Commentary: Is your direct mail getting enough credit for your online contributions?

Tom Belford,, 12/1/11

In September 2010 a donor survey was conducted by Campbell Rinker for Dunham + Company, a US fundraising consulting firm. The remarkable findings I've just noticed (brought to my attention by a recent Queer Ideas post) relate to the interaction between direct mail appeals and online giving.

  • 14% of respondents (who were online givers) said that a direct mail letter prompted them to give online versus only 6% who said an email prompted their online gift;
  • 1 in 3 donors (37%) who give online say that when they receive a direct mail appeal from a charity they use the charity's website to give their donation;
  • One in two (50%) of generation X or Y donors say they give online in response to a direct mail appeal with 1 in 4 (26%) of boomers turning to online giving when they want to give as a result of receiving a direct mail appeal. Only 14% of those over 65 will do the same, as 3 out of 4 of this demographic prefer to give by mail.

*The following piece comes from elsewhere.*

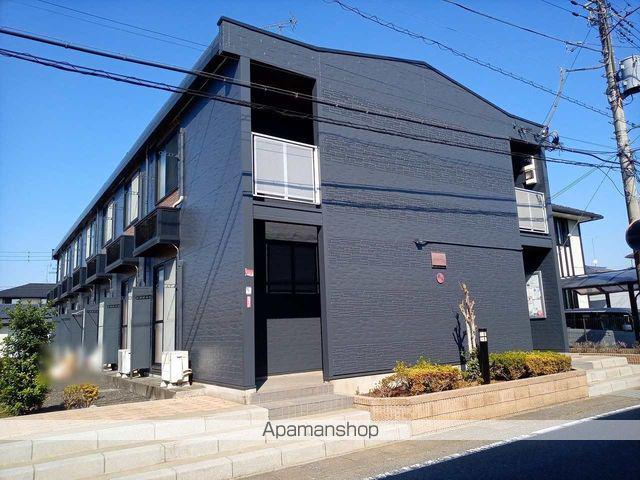 レオパレスミケ A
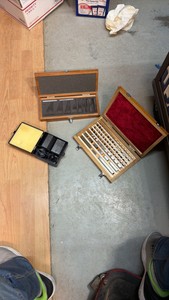 PRECISION tools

Now, I grant that this is survey data, as opposed to hard transaction data, but even so the implications are startling. As much as one-third of the response to any given direct mail appeal could come in via the nonprofit's website. And only if your mail appeal directed respondents to a dedicated response page would you possibly know that with any certainty. So think about that. Are your direct mail returns being 'under-counted', making your mail program look weaker than it actually is? Are you integrating your mail appeals and online capture such that you can find out?